Another choice you can make is whether or not to buy Macro lenses. If you plan on doing macro photography, nothing beats the quality of the lens. I’ve taken many photos with my macro lens and it really does do the job exceptionally. Also, macro lenses can be used to photograph regular subjects. They usually have really good glass so they are generally good portrait lenses. If you’re only going to do macro shots here and there, it’s probably not worth buying one. Finally, a lot of zoom lenses will claim to be macro – this just means they can focus a little closer than usual. Most of the time it’s marketing hype.

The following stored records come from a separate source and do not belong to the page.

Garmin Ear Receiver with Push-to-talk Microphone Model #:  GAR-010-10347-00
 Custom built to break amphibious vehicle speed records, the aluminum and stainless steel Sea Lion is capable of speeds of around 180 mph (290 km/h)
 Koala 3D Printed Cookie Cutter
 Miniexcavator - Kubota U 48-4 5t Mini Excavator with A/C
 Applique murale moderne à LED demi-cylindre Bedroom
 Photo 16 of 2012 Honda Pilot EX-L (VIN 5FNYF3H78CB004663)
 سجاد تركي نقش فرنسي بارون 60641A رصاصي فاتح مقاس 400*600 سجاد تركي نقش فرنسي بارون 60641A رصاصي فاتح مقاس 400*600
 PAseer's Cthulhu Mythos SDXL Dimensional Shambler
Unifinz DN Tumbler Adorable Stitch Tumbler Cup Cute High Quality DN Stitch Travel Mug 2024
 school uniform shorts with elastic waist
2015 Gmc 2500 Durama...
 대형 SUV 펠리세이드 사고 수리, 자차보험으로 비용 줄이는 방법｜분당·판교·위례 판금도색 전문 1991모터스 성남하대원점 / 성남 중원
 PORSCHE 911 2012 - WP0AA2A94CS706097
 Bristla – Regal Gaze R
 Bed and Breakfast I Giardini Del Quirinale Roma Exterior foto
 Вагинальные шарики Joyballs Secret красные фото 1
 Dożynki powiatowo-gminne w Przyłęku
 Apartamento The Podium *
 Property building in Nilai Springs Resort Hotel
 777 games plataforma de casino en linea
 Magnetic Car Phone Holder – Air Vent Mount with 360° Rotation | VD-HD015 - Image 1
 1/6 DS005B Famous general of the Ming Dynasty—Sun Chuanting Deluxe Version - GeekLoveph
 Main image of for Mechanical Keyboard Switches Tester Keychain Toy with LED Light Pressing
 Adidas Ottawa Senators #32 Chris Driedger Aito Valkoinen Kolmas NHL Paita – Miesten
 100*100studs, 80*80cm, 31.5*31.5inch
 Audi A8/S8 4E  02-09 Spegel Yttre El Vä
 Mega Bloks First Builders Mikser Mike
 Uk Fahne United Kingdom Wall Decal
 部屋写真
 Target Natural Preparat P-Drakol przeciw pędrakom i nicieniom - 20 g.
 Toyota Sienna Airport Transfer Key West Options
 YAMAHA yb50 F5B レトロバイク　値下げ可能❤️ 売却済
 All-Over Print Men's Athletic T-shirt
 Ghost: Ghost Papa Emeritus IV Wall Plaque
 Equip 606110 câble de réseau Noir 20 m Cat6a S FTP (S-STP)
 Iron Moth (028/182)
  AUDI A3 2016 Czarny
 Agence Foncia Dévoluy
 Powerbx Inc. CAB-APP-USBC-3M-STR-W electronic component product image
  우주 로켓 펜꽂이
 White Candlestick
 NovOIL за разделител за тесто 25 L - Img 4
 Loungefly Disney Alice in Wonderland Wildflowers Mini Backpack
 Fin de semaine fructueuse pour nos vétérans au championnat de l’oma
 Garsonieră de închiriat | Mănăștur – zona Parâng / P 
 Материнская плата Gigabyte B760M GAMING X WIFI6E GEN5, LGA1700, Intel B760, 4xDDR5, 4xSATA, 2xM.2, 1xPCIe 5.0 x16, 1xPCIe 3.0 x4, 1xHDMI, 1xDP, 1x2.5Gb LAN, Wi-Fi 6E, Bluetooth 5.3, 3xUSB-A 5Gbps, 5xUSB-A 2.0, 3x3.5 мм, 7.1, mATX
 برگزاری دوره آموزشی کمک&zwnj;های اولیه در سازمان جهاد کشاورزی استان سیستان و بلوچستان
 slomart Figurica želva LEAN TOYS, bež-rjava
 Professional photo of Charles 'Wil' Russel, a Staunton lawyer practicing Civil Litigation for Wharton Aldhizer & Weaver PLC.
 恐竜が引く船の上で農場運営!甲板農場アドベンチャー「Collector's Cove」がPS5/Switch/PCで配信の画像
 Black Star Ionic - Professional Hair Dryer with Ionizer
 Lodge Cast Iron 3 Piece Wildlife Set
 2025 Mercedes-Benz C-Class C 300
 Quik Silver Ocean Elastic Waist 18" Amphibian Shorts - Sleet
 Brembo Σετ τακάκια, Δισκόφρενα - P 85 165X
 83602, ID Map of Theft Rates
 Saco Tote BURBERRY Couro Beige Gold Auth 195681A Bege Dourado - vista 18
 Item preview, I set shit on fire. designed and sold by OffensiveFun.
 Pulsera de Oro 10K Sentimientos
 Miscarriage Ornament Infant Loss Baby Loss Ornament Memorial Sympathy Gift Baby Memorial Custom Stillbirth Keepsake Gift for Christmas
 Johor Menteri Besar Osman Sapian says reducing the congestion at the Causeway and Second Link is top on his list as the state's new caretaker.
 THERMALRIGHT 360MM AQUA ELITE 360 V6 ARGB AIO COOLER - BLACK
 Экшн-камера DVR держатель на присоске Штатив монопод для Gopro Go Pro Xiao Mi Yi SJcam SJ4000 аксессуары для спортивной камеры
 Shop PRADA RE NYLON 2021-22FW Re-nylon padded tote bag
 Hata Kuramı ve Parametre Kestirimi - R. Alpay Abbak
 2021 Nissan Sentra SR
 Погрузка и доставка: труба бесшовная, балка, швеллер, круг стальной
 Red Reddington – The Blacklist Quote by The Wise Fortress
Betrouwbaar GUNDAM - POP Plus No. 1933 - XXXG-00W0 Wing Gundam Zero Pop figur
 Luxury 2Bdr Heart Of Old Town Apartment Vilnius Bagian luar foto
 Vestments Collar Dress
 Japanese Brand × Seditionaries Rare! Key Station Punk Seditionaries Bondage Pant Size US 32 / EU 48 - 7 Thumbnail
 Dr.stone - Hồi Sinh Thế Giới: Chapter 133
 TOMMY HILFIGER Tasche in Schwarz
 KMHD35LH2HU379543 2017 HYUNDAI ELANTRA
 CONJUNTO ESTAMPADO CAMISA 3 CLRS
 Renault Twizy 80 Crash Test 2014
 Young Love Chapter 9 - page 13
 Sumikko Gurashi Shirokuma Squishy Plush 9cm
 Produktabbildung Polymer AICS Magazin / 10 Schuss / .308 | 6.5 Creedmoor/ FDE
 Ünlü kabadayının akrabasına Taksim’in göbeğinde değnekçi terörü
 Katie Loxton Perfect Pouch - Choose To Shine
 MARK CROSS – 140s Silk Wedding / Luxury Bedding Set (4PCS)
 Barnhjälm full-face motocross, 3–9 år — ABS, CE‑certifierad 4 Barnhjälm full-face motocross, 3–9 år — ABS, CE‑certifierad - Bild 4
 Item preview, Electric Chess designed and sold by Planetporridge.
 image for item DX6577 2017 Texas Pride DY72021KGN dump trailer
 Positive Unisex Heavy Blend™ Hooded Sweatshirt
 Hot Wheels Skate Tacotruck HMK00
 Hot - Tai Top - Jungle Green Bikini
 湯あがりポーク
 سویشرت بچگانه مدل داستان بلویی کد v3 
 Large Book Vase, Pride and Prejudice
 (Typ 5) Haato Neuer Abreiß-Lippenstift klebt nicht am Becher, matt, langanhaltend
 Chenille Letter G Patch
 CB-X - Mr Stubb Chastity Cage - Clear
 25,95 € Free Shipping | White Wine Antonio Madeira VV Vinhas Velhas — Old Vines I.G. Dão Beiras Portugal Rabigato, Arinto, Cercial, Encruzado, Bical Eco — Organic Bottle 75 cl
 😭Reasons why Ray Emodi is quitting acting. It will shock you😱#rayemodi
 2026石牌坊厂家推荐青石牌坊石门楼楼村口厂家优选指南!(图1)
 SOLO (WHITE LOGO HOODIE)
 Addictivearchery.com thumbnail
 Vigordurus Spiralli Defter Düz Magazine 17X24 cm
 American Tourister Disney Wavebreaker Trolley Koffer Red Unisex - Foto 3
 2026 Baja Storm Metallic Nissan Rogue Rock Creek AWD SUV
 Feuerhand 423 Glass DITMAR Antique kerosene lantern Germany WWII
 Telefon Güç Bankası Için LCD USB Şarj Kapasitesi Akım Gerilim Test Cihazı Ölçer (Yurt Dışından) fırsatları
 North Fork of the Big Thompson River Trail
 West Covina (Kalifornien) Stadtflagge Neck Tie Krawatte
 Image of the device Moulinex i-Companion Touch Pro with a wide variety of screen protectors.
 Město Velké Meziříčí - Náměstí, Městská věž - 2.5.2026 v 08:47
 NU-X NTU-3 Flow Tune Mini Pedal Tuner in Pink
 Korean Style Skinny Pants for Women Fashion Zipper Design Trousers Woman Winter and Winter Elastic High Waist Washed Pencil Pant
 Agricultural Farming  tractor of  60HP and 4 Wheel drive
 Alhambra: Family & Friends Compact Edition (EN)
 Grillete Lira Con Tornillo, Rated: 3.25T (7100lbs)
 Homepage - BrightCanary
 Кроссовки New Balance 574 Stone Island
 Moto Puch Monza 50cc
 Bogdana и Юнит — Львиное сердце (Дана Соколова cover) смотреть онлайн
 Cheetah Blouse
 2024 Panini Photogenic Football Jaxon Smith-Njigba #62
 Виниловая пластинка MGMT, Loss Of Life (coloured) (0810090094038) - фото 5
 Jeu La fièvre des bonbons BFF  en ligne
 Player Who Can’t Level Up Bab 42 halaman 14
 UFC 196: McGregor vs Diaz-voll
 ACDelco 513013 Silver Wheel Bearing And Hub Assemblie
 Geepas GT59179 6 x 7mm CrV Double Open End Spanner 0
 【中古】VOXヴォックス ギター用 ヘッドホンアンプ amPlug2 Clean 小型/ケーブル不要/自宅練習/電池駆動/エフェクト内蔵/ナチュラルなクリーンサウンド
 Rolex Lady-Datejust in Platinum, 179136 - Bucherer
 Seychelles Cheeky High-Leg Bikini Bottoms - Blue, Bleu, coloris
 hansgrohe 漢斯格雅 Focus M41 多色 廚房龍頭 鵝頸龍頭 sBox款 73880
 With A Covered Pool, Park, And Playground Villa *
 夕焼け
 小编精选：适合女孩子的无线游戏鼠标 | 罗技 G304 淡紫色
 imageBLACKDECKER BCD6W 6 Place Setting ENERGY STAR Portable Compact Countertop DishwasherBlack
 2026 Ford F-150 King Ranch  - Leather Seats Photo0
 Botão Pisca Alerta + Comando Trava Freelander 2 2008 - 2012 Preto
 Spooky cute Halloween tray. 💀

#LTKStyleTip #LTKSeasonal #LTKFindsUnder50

The final two features have to do with how the lens focuses. The cheapest lenses (like the 17-55mm kit lens) rotate the front of the lens when you focus. This is annoying because if you have a circular polarizer on your lens, you will need to reset it ever time you focus. The next level up from this have the front of the lens go in and out as it focuses. This is less annoying, but can become a problem if you’re focusing close to the object for closeup or macro photography. Also, it tends to get more dust into lens. The best lenses have internal focusing. These tend to be found in good quality USM lenses. The front does not rotate nor does the lens expand as you focus. There is no way for anyone to tell if the lens is focusing just by looking at it. You can use your filters just fine. This is a less important feature, but it is something to consider.
EF vs EF-S Lenses
Canon has an APS-C sensor on the 50D and cheaper cameras. It has a full-sized sensor on the 1Ds and 5D. APS-C cameras can take EF and EF-S lenses while the others can only take EF lenses. The difference is that the EF-S lenses take advantage of the fact that the sensor is smaller and make smaller, lighter lenses. Another important thing is that all of Canon’s best lenses (the L series) are only EF. So which should you buy? Well, it depends. First of all, are you a professional? If yes, then you must own a 5D at the least and the choice is simple – EF lenses are your only choice. Second, do you want only the best quality glass? If yes, then you must get EF lenses to get the L series. Ok, if neither of those applied to you, you have a decision to make. Will you eventually upgrade to the 5D or 1Ds? If yes, you’d probably best spend your money only buying EF lenses. If no, then you can probably stick to the EF-S lenses. Nikon users have the same issues, but I don’t know the camera makes and models.
Weight and Size
I put this category last because, in a lot of ways, you don’t have much control over it. If you buy EF-S lenses they will be smaller and lighter. If you buy a 600mm lens, it will weight a lot. It’s more of something you need to be aware of. If you think that heavy lenses will keep you from using your equipment too much, you need to take that into account when you buy lenses. Generally speaking, lesnes with smaller zoom ranges will be lighter.
I really hope you found that helpful. If I would have known all of that from the start, I might have made my lens buying decisions slightly differently. Feel free to leave comments with your tips for choosing lenses.